Mike Bazeley’s article: Diving deep into the Web, profiles a Bay Area start-up named Glenbrook Networks that is developing technology to crawl material that’s hidden in deep/invisible web databases. Specifically, their technology will be able to automatically complete online forms and then extract the data that’s returned on a results page.
Komissarchik and her father, Edward Komissarchik, say they have figured out how to analyze the forms on Web pages and understand the type of information the sites are looking for. Then, Glenbrook’s Web crawlers use artificial intelligence to walk themselves through sometimes complex Web forms, answering questions, such as the location of their desired job, in the same way a human would.
I haven’t personally seen the Glenbrook technology in action but I’ve been reading about similar types of automated deep web database extraction for many years.
Here are two research papers that might be of interest:
+ On the Automatic Extraction of Data from the Hidden Web
PDF; 14 pages.
+ Testbed for Information Extraction from Deep Web
Some issues that quickly come to mind about the use of this type of technology are:
+ Legal. Extracting and repurposing all of raw info from a database, is it legal?
Lots of data remains hidden in public record databases. Is it legal to crawl and repurpose this data?
+ Server load.
+ Updates and Recrawl. Info in these databases can be very dynamic.

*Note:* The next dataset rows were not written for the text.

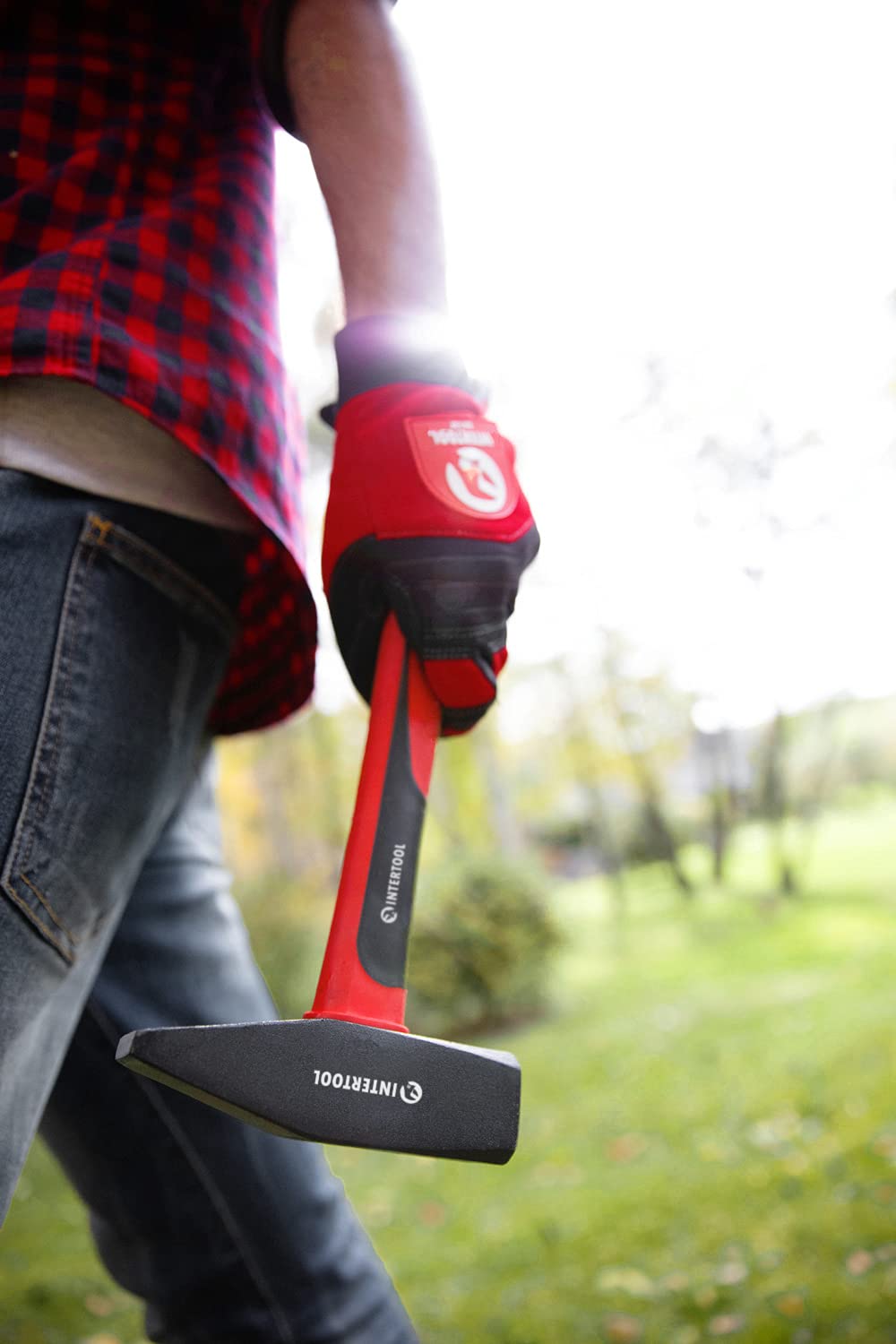 INTERTOOL 2 lbs Cross Peen Hammer, 1000g Heavy Duty Engineer Hammer, Mechanic, Blacksmith, Sheet Metal, 14” Shock Absorbing Fiberglass Handle HT08-0210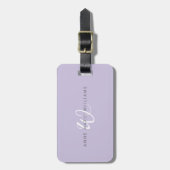 Modern Lavendel Wit Schreef Monogram Bagagelabel (Voorkant verticaal)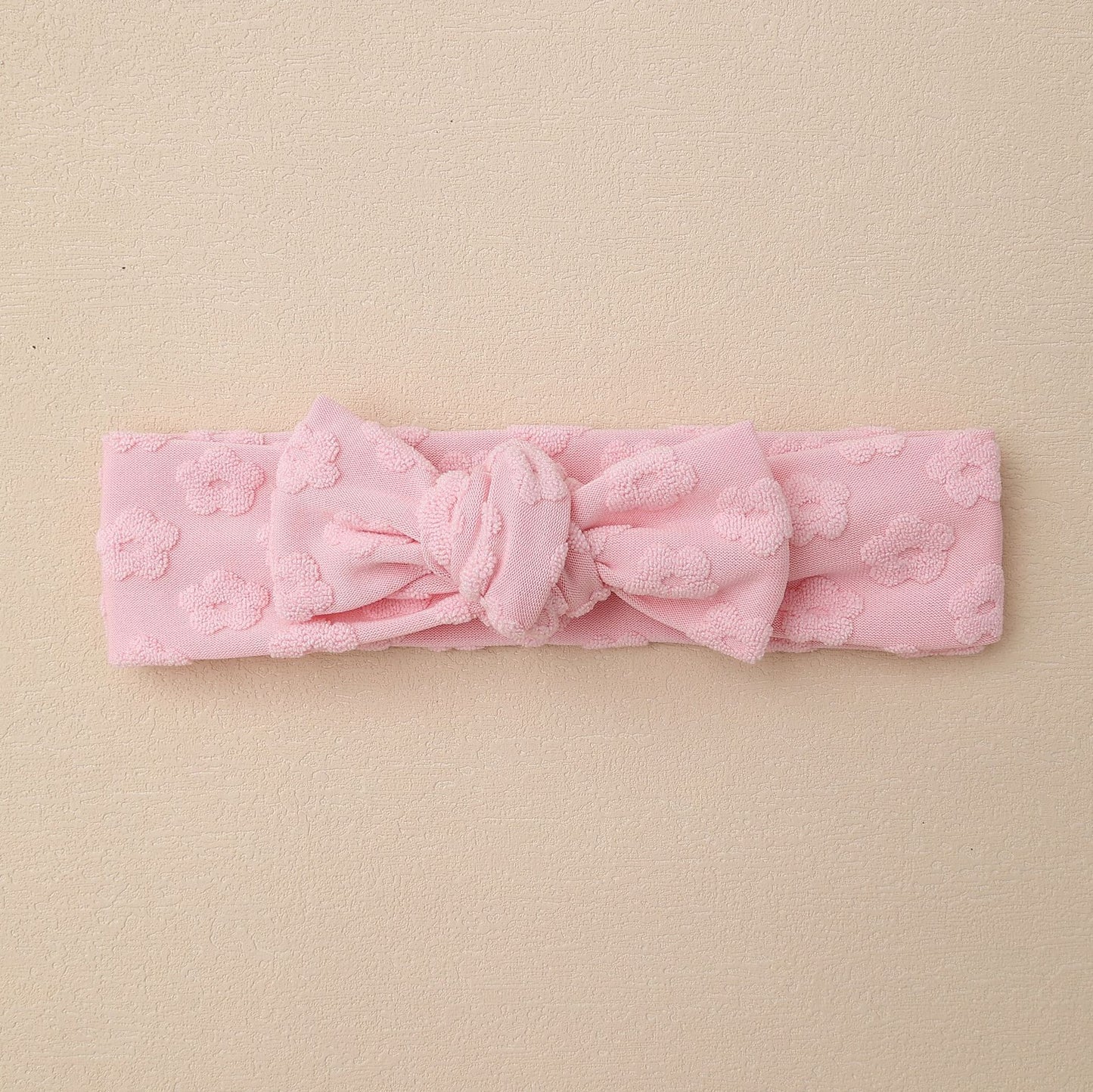 Elastic Baby Headband with Bow and Embroidered Flowers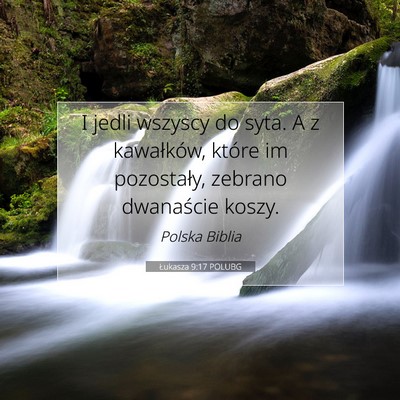 Picture 07 - Łukasza 9:17 POLUBG - I jedli wszyscy do syta. A z kawałków, które - Bible Verse Picture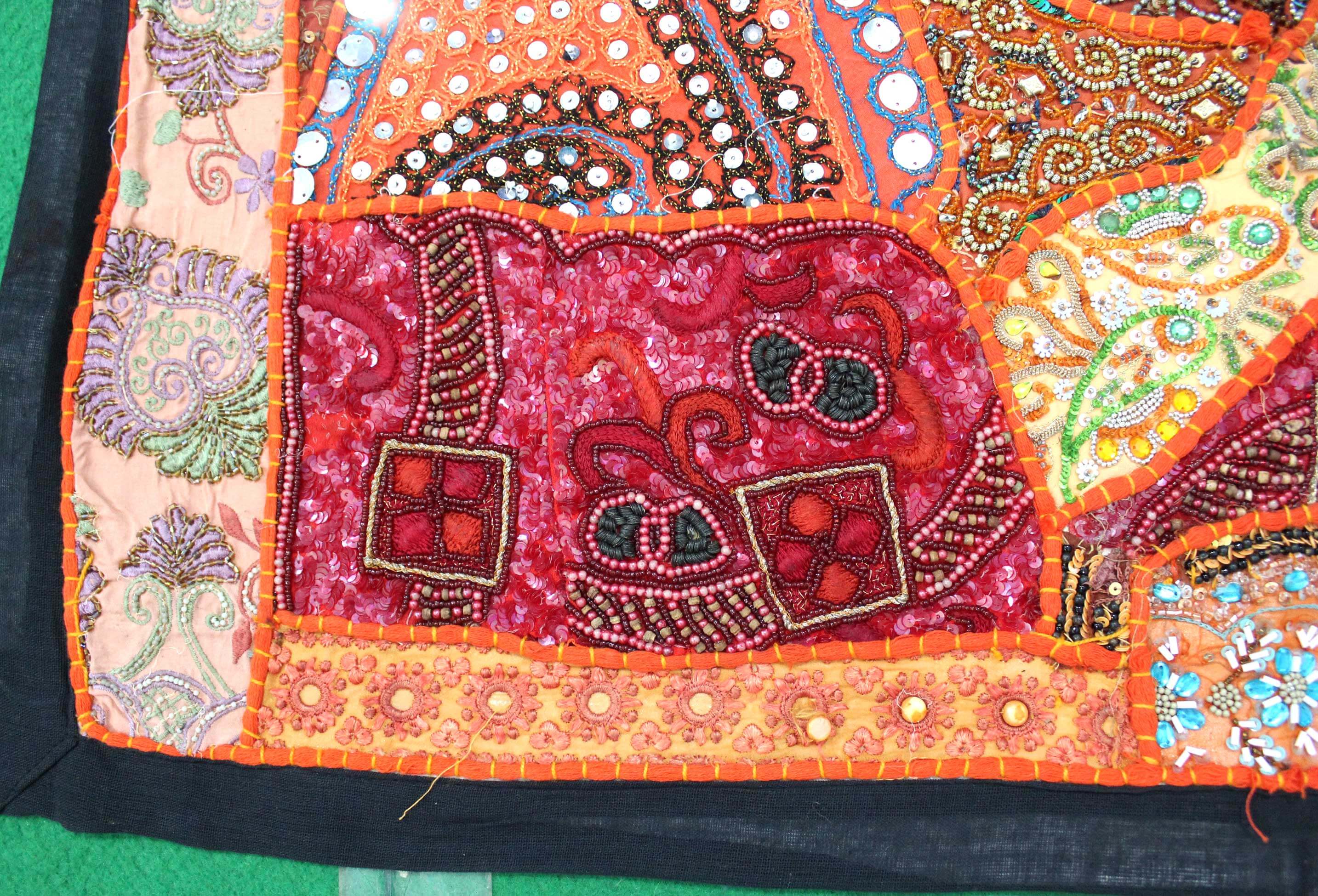 Indian Wall Hanging Embroidered Tapestry Orange antique wall piece,cotton tapestry,tapestry,Tribal wall hanging,wall hanging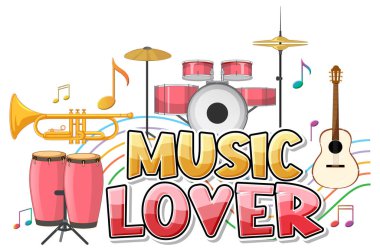 Müzik Festivali metni ve müzik aletleri illüstrasyonu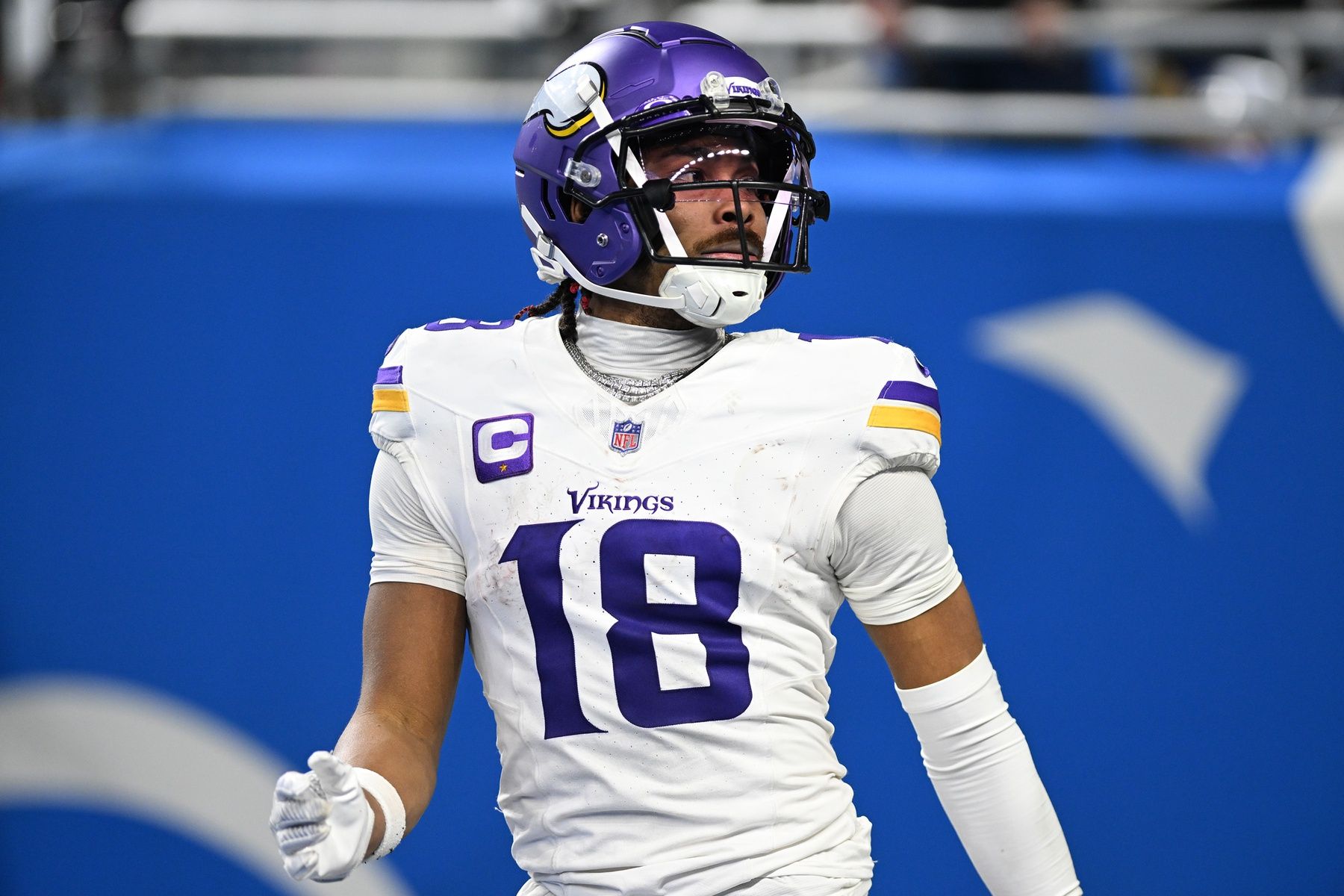 Minnesota Vikings WR Justin Jefferson (18) looks on against the Detroit Lions.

+ Will the data have the same usability/searchability?
Btw, on a somewhat related note. The article mentions that this technology could be used to find job listings on company web sites. It’s worth noting that although Indeed.com and SimplyHired.com don’t extract job listings from corportate “databases” THEY DO crawl job listings posted directly to company web sites. For example, Indeed.com recently announced that they’re now crawling the career pages of most of the Fortune 500 companies. At SimplyHired.com you’re able to limit your search to job postings from companies that appear on several business ranking lists.
Postscript: The article notes that Google provides access to bilbiographic records from OCLC’s Worldcat. Yahoo also offers access to this material. In fact, they even offer a special, co-branded version of the Yahoo Toolbar that allows you to get at this data quickly.